:: Input material

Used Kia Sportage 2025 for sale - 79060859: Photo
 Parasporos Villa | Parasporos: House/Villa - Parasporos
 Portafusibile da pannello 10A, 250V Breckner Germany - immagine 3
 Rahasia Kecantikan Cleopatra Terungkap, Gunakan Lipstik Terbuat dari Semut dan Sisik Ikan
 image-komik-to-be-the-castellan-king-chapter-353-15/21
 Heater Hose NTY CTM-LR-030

::::
:: Input material

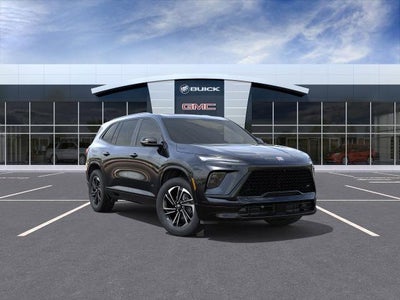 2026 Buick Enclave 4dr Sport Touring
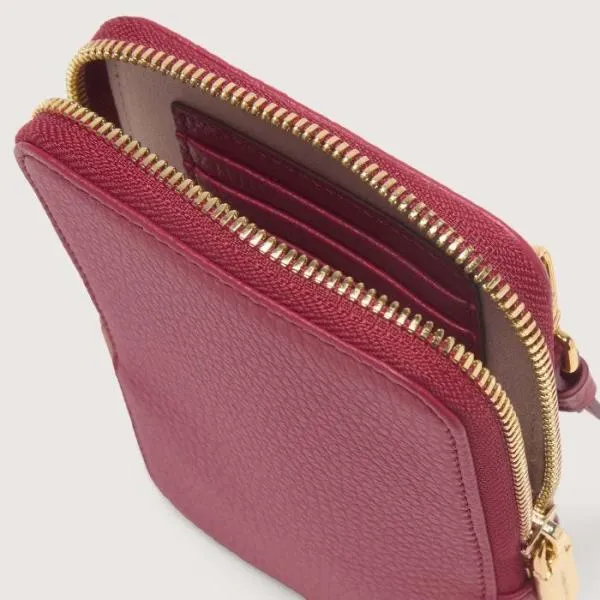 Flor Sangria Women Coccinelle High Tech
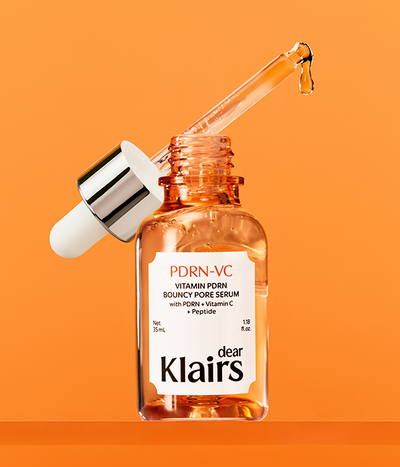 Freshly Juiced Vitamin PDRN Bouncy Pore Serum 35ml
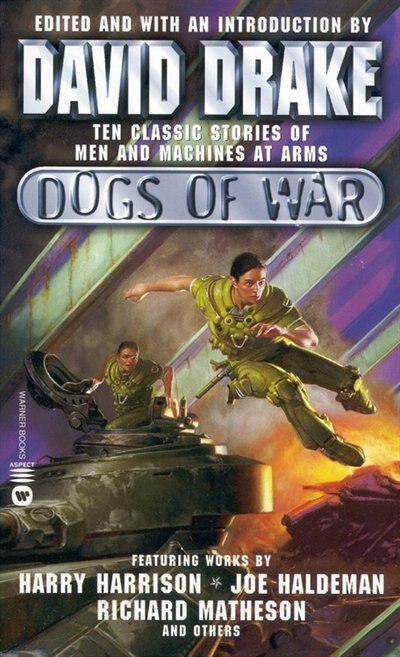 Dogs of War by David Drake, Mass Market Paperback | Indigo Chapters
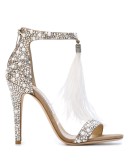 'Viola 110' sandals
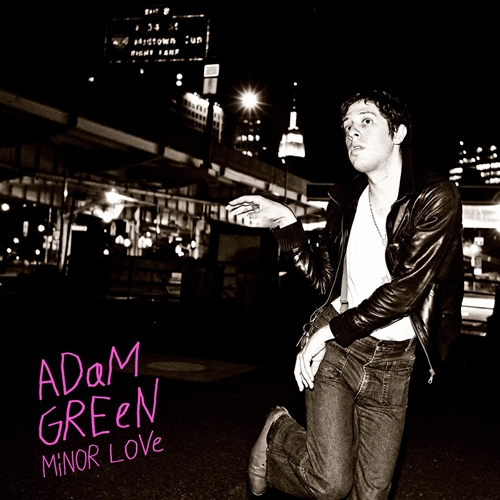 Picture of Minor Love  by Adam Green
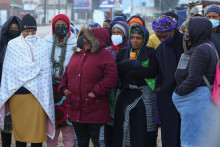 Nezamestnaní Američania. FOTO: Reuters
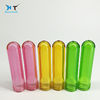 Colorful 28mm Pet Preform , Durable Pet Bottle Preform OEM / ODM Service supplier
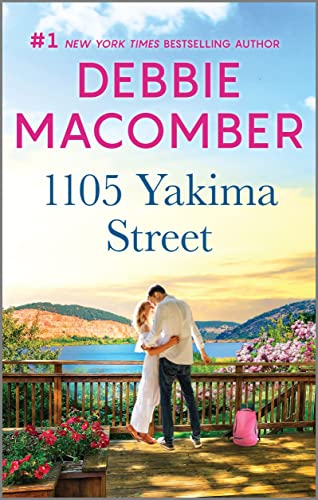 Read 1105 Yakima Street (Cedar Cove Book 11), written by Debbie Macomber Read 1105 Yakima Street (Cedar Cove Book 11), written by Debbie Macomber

::::

=== Problem requirements ===
Set down word for word the lines above from the one with "Picture of Minor" up to and including the one with "Debbie Macomber Read". Omit every picture.

=== Answer to this problem ===
 Picture of Minor Love  by Adam Green
 Nezamestnaní Američania. FOTO: Reuters
 Colorful 28mm Pet Preform , Durable Pet Bottle Preform OEM / ODM Service supplier
 Read 1105 Yakima Street (Cedar Cove Book 11), written by Debbie Macomber Read 1105 Yakima Street (Cedar Cove Book 11), written by Debbie Macomber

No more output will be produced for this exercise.